La circulaire prévoit que : « Pour les agents dont les fonctions le permettent, les chefs de service veilleront à réexaminer dans les meilleurs délais les organisations de travail afin d’identifier les

possibilités d’augmentation individualisée du recours au télétravail. Vous veillerez à la bonne diffusion de ces orientations dans l’ensemble de vos services et à leur mise en œuvre rapide, dans un souci de proportionnalité et d’adaptation aux contraintes de chaque mission ».

Alors, vous êtes vous conformé à la circulaire ? Avez-vous réexaminé dans les meilleurs délais les organisations de travail afin d’identifier les possibilités d’augmentation individualisée du recours au télétravail ?

Combien d’agents du 74 ont pu bénéficier d’une augmentation de leurs nombres de jours de télétravail dans notre département où nous sommes déjà en dessous de la moyenne nationale en la matière ?

Vous connaissez les difficultés financières des agents du 74 lié au coût de la vie dans notre département, nous sommes effarés et déçus de voir qu’une mesure simple à mettre en place et qui pourrait soulager un peu les agents ne soient même pas portée par la direction. Encore des mots, toujours des mots, rien que des mots ….

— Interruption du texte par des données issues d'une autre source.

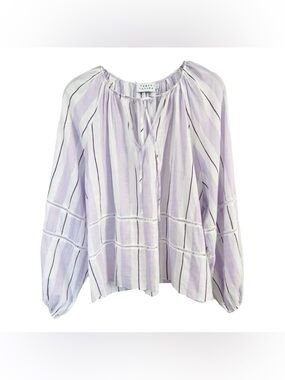 Tanya Taylor Lavender and White Striped Peasant Top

Pour terminer, nous avons été interpelés par des collègues qui se sont émus de ne plus avoir de correspondant handicap depuis le départ de Mme Ruscica.

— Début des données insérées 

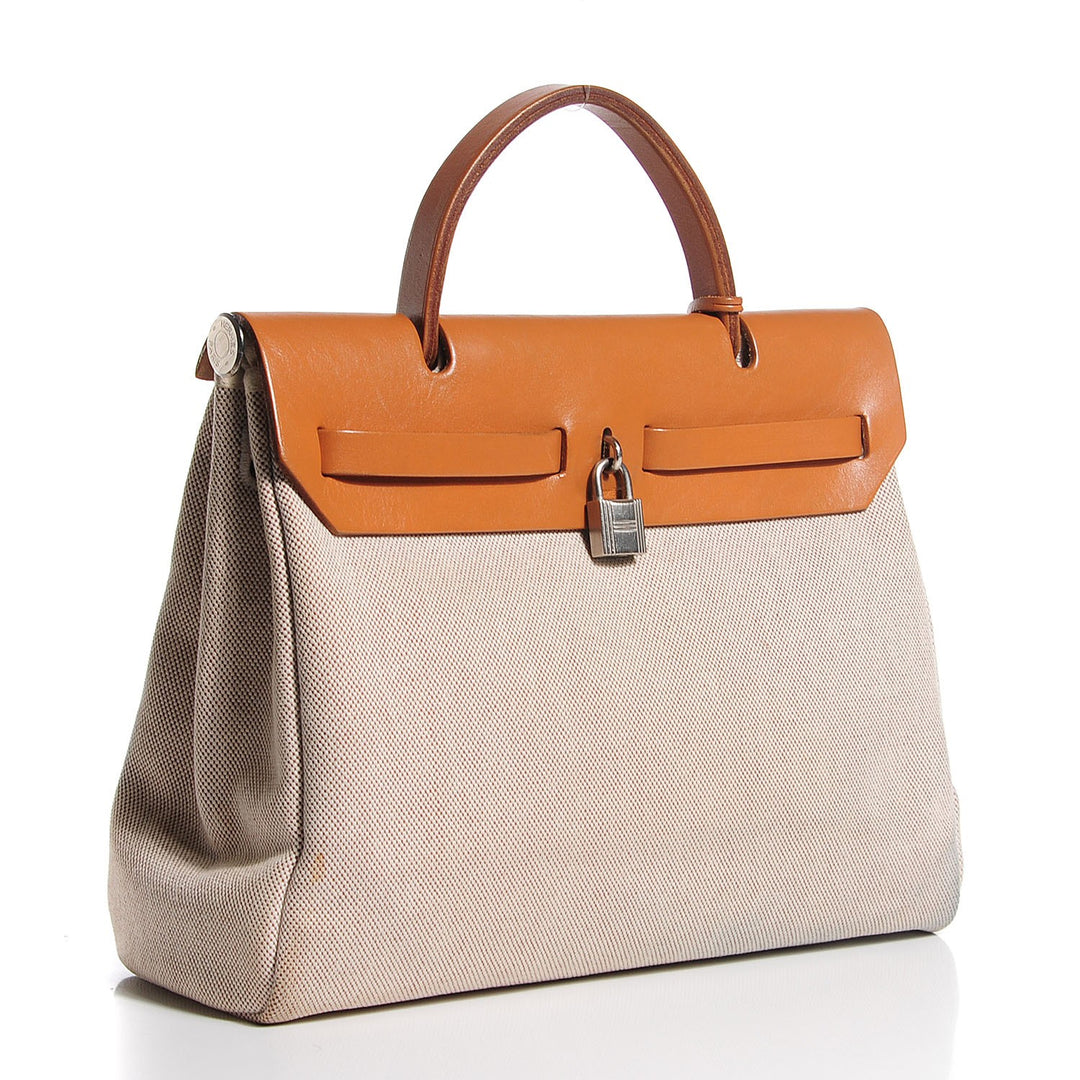 Hermès Herbag Zip 31 Ecru Beige - Gemaee  UAE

Effectivement, l’annuaire sur Ulysse 74 n’est pas à jour et ils sont inquiets et déstabilisés quand à l’accompagnement des agents malades chroniques et des travailleurs en situation de handicap du département, n’ayant eu à ce jour aucune réponse à leur demande visant à être informé de l’identité du nouveau correspondant et ce alors que nous déplorons déjà l’absence d’un médecin de prévention.

Nous vous demandons donc de bien vouloir publier le plus rapidement possible en première page Ulysse le nom du ou de la nouveau/elle correspondant(e) Handicap du département.